Right now, we are smack in the middle of a games unit study. Games fill our days. Well, if I think about it, games have been a large part of our life since the day my hubby and I got together. In fact, it was one of the things that drew us to each other. When the kids came along, they got sucked up into our world of playing lots of games. So it’s a natural fit for us to teach our children through games. We enjoy them. They enjoy them. And it’s a good way to touch on pretty much everyone’s interests and strengths.

Right now, by far our favorite game is Pokemon, TCG. We all play. The game appeals to my love of strategy and manipulating the rules to my advantage, it appeals to my husband’s love of collecting things and counting on his natural luck, it appeals to my son’s love of numbers, puzzles and trying to understand how things work, it appeals to my 6 year old daughter’s love of all things cute and doing things her own way, and finally it appeals to my youngest’s love of make believe and stuffed animals.

One game that has something for everyone. Wow.

Another game we picked up at our state-wide homeschooling convention this week was Dork Tower, a gentle satire of the game Dark Tower that came out in 1981. The kids and I have fallen in love with the game – again all for different reasons. Hubby’s not too into this game. But he plays with us cuz he loves us. 🙂

We also play a game called “Rat a tat cat”, we play gin rummy, and another game that’s like gin rummy called Five Crowns. Quiddler is another favorite, in addition to Ziggity, Uno and Yahtzee.

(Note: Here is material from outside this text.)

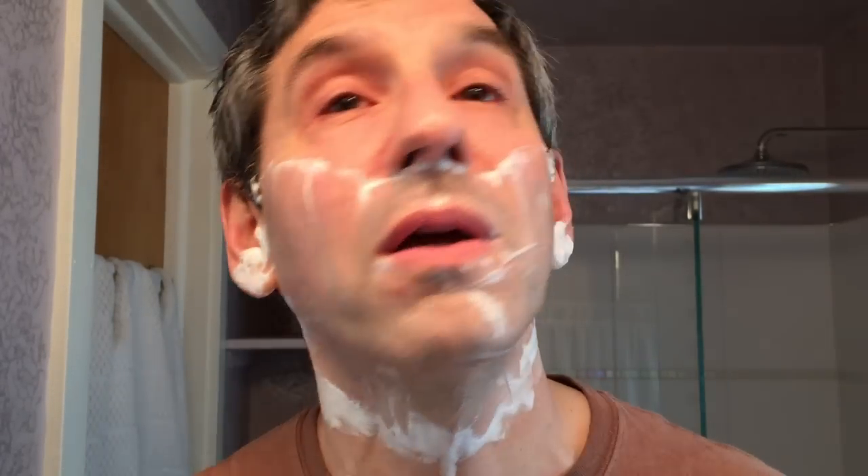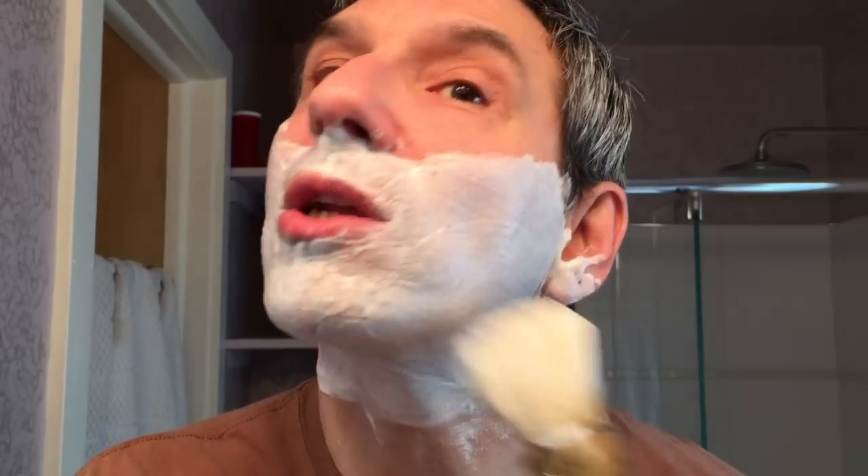First pass done. This will be another two-pass shave where I'll simply combine mostly across with a little bit against, just in the interest of time. Good slickness on the face during that rinse — very nice. Let's lather up for pass number two. That already feels a little bit better, a little slicker on the outset there.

The interesting thing about these games is how much the kids learn that I would normally consider to be over their heads. For example, Allison, at 6, is learning about negative numbers, predicting and statistics, and memorizing large amounts of data. All because of Dork Tower and Pokemon.

Now, what I’m thinking, is that these games tap into her natural ability to do these things. Because before playing these games, there was really nothing that she clung to like her older brother did so early on with phonics and puzzles. It wasn’t until we introduced her to these strategy games with lots of cute monster and character data that she exhibited such enthusiasm. With Cameron, we got lucky that his learning style and interests manifested themselves in things that can be learned early. While Allison’s learning style and interests didn’t get a chance to express themselves until she was older and was able to understand more subtle and complex processes.

Games have been a wonderful tool for drawing out the best in our kids, my hubby and me. In fact, my husband and I just started playing a new game called Spoils, that is intended for the teen crowd and older. It’s a card game, much like Pokemon, but with adult humor and more sophisticated gameplay. Which shows us that no matter how old the kids get, there are games to incorporate in our learning.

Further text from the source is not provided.